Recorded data

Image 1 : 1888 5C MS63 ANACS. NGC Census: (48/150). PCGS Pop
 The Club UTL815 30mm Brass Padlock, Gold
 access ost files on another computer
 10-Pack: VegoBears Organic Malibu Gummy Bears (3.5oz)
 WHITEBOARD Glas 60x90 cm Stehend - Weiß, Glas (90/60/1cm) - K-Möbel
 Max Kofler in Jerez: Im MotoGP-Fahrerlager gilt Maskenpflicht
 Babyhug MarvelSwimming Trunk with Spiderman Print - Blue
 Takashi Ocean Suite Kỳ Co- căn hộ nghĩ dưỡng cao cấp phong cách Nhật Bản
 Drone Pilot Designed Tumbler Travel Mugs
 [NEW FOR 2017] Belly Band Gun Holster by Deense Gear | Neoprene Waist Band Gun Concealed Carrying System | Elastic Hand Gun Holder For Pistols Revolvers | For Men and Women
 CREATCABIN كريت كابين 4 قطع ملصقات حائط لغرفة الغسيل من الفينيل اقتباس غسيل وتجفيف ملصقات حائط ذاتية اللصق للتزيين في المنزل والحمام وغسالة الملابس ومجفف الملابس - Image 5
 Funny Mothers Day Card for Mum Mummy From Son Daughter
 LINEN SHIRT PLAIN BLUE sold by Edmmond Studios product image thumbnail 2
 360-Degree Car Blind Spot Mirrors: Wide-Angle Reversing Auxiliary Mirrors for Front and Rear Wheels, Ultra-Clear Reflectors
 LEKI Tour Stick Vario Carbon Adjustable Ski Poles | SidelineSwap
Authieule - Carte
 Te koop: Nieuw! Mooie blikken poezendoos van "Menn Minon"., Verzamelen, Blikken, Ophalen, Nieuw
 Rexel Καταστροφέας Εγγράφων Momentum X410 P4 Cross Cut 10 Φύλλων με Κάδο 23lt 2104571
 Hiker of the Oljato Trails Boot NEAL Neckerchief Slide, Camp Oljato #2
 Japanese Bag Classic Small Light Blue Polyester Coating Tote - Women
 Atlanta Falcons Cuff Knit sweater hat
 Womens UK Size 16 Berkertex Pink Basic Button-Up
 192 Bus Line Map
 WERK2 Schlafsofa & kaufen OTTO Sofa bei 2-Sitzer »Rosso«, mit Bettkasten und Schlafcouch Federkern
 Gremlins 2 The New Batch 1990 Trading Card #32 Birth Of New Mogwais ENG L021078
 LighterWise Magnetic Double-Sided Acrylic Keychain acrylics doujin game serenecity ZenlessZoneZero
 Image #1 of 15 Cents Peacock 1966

* Task requirements
Would you set down all of the entries again, word for word?

* Your response
Image 1 : 1888 5C MS63 ANACS. NGC Census: (48/150). PCGS Pop
 The Club UTL815 30mm Brass Padlock, Gold
 access ost files on another computer
 10-Pack: VegoBears Organic Malibu Gummy Bears (3.5oz)
 WHITEBOARD Glas 60x90 cm Stehend - Weiß, Glas (90/60/1cm) - K-Möbel
 Max Kofler in Jerez: Im MotoGP-Fahrerlager gilt Maskenpflicht
 Babyhug MarvelSwimming Trunk with Spiderman Print - Blue
 Takashi Ocean Suite Kỳ Co- căn hộ nghĩ dưỡng cao cấp phong cách Nhật Bản
 Drone Pilot Designed Tumbler Travel Mugs
 [NEW FOR 2017] Belly Band Gun Holster by Deense Gear | Neoprene Waist Band Gun Concealed Carrying System | Elastic Hand Gun Holder For Pistols Revolvers | For Men and Women
 CREATCABIN كريت كابين 4 قطع ملصقات حائط لغرفة الغسيل من الفينيل اقتباس غسيل وتجفيف ملصقات حائط ذاتية اللصق للتزيين في المنزل والحمام وغسالة الملابس ومجفف الملابس - Image 5
 Funny Mothers Day Card for Mum Mummy From Son Daughter
 LINEN SHIRT PLAIN BLUE sold by Edmmond Studios product image thumbnail 2
 360-Degree Car Blind Spot Mirrors: Wide-Angle Reversing Auxiliary Mirrors for Front and Rear Wheels, Ultra-Clear Reflectors
 LEKI Tour Stick Vario Carbon Adjustable Ski Poles | SidelineSwap
Authieule - Carte
 Te koop: Nieuw! Mooie blikken poezendoos van "Menn Minon"., Verzamelen, Blikken, Ophalen, Nieuw
 Rexel Καταστροφέας Εγγράφων Momentum X410 P4 Cross Cut 10 Φύλλων με Κάδο 23lt 2104571
 Hiker of the Oljato Trails Boot NEAL Neckerchief Slide, Camp Oljato #2
 Japanese Bag Classic Small Light Blue Polyester Coating Tote - Women
 Atlanta Falcons Cuff Knit sweater hat
 Womens UK Size 16 Berkertex Pink Basic Button-Up
 192 Bus Line Map
 WERK2 Schlafsofa & kaufen OTTO Sofa bei 2-Sitzer »Rosso«, mit Bettkasten und Schlafcouch Federkern
 Gremlins 2 The New Batch 1990 Trading Card #32 Birth Of New Mogwais ENG L021078
 LighterWise Magnetic Double-Sided Acrylic Keychain acrylics doujin game serenecity ZenlessZoneZero
 Image #1 of 15 Cents Peacock 1966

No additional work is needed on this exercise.